The goal is to move from this:
WORD | SCORE | Cluster |
diptyqu | 19750 | 1 |
daptyqu | 8830 | 1 |
dyptiqu | 29 | 1 |
deptiqu | 2 | 1 |
parfume | 300 | 2 |
parfum | 14 | 2 |
To this:
WORD | SCORE | Cluster | Name |
diptyqu | 19750 | 1 | diptyqu |
daptyqu | 8830 | 1 | diptyqu |
dyptiqu | 29 | 1 | diptyqu |
deptiqu | 2 | 1 | diptyqu |
parfume | 300 | 2 | parfume |
parfum | 14 | 2 | parfume |
I'm litteraly stuck and don't really know how to make it. Do you have any suggestion on a method to do this?
Upvotes: 0
Views: 258
Reputation: 126
You can use 'data.table' packages and merge function:
library(data.table)
df2 <- setDT(df)[, .SD[which.max(SCORE)], Cluster]

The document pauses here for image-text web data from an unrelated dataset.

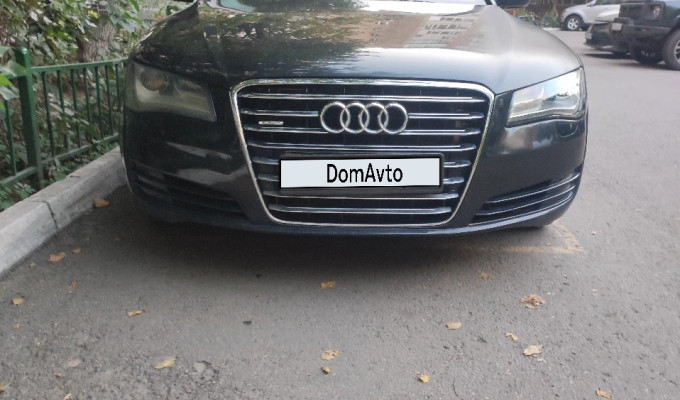 Audi A8 2011 года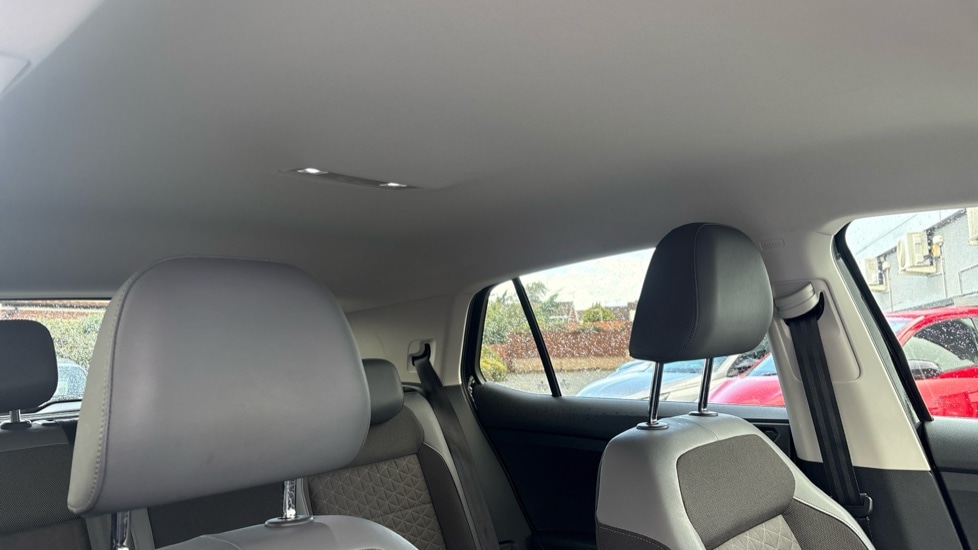 Used Volkswagen T-Cross 2021 for sale - 75796922: Photo 31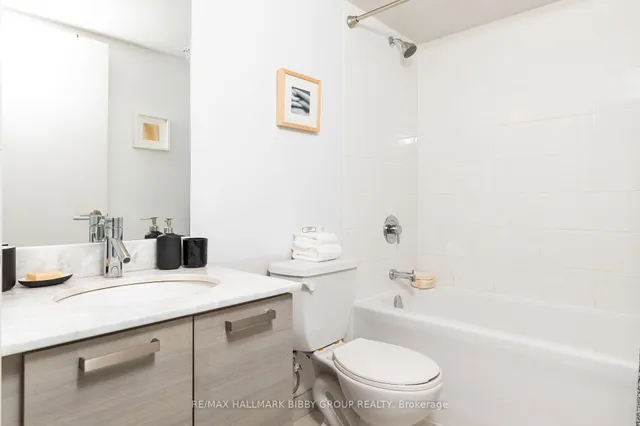 Additional image 16 of 36 Lisgar St Unit 2121E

result <- merge(df, df2[, c('Cluster', 'WORD')], by='Cluster')
Upvotes: 0
Reputation: 32538
do.call(rbind,
lapply(split(dat, dat$Cluster), function(a)

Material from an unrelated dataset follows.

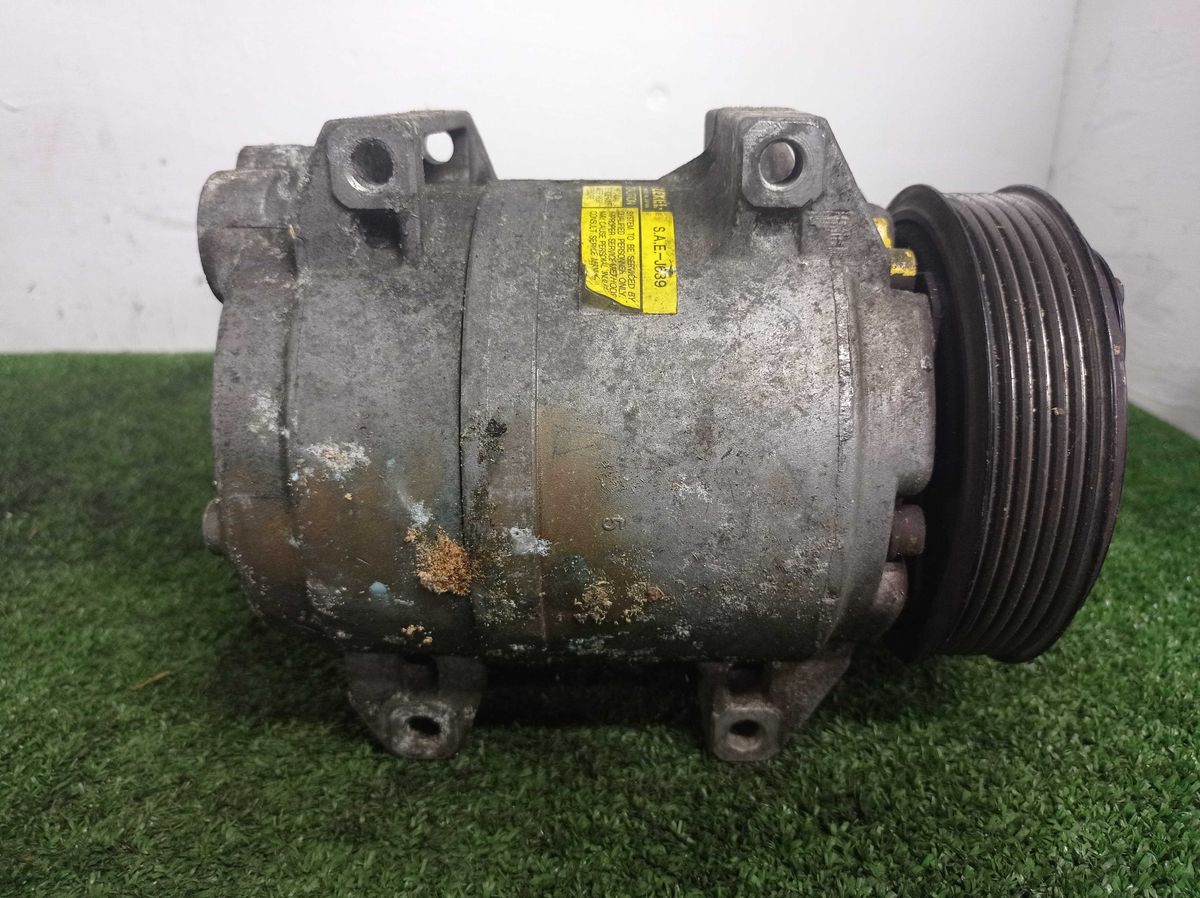 Компрессор кондиционера к Volvo XC70 2003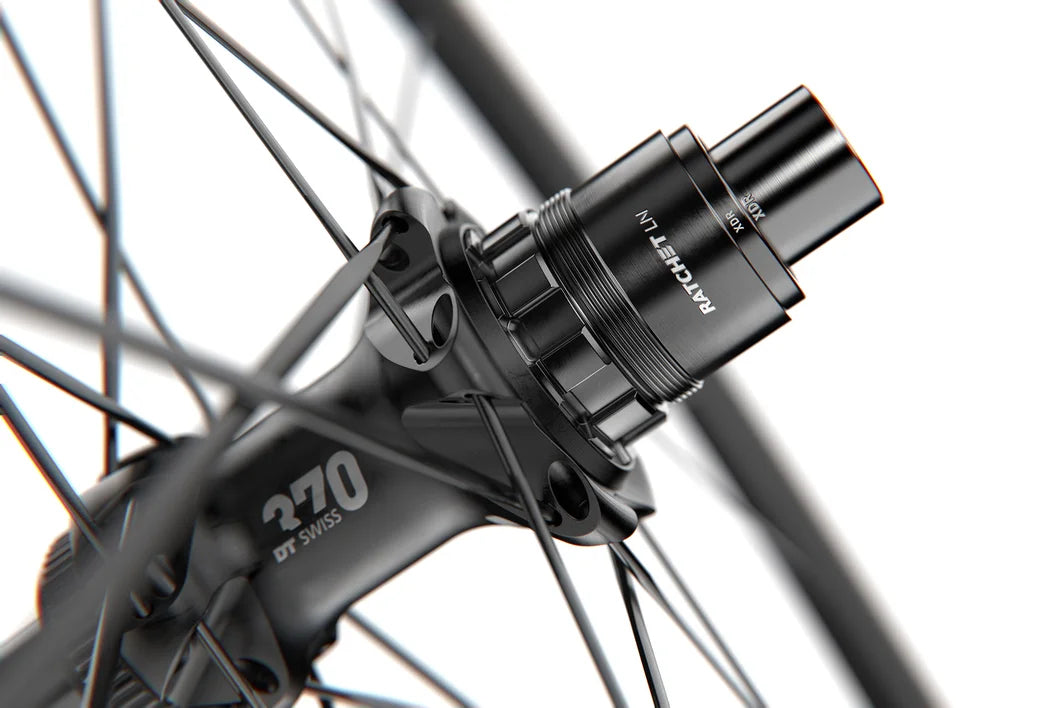 Roda traseira DT SWISS P 1800 SPLINE 23 DIC Tubeless Ready (Center Lock)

data.frame(a, Name = a$WORD[which.max(a$SCORE)])))
# WORD SCORE Cluster Name
#1.1 diptyqu 19750 1 diptyqu
#1.2 daptyqu 8830 1 diptyqu
#1.3 dyptiqu 29 1 diptyqu
#1.4 deptiqu 2 1 diptyqu
#2.5 parfume 300 2 parfume
#2.6 parfum 14 2 parfume
Upvotes: 1
Reputation: 28309
Similar strategy as in @Gregor's dplyr
solution, but using data.table
:
library(data.table)
setDT(d)
d[order(SCORE), Name := tail(WORD, 1), Cluster]
Upvotes: 2
Reputation: 145745
Using dplyr
your_data %>%
group_by(cluster) %>%
mutate(Name = first(WORD))
It assumes your rows are already sorted by SCORE. If needed, you can do that sorting too:
your_data %>%
group_by(cluster) %>%
arrange(desc(SCORE)) %>%
mutate(Name = first(WORD))
Upvotes: 2